The lamp
This lamp stands at the centre of a small park at the end of our crescent. There are park benches around it - a woman was sitting smoking on one this morning, an unusual enough sight these days to make me realise how rarely I smell cigarette smoke anywhere. For the first 35 years or so of our being here, the lamp standard was painted some nondescript municipal colour - perhaps a faded green? But in a recent(ish) refurbishment, some fanciful soul decided it should be jollier, so now it's black with its ornamental bits picked out in appropriate colours. My extra photo shows a couple of these - a benevolent lion and a swan swimming past some bulrushes.
In the background to the left is the rear of the Burgh Hall where I was singing on Saturday night, and on the right the new blocks of flats built on the site of what was once St Cuthbert's Church - another place I've sung in my day. When you consider that just behind me as I tool this photo is another large church, of the same denomination, you can see that it was probably necessary that one of them had to go.

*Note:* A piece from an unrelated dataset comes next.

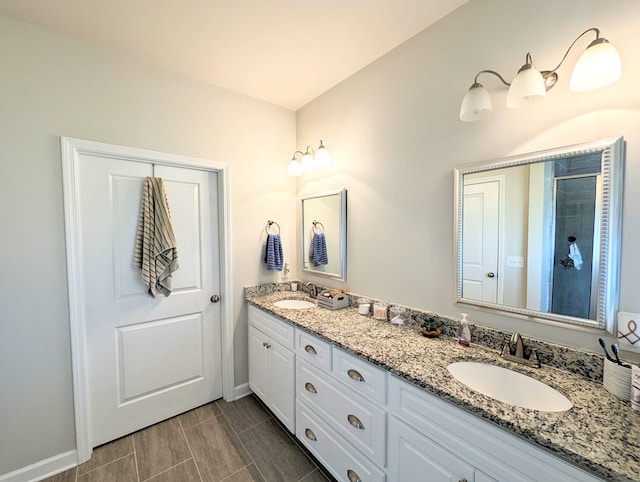 bathroom with vanity and an enclosed shower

And so to bed, as Samuel Pepys would say - today ended up being quite exhausting because of an adventure involving the descent of an unexpectedly frozen forest path after we'd climbed up a much rougher but entirely ice-free track to get there. We had to clamber cautiously over the edge of the forest, slithering on icy moss and dragged at by trees, to avoid the glassy surface of the path. There was the constant threat of falling into a flooded ditch or crashing down a gully ... enough to say that my thighs are screaming now.
And you thought there was a thaw? So did I.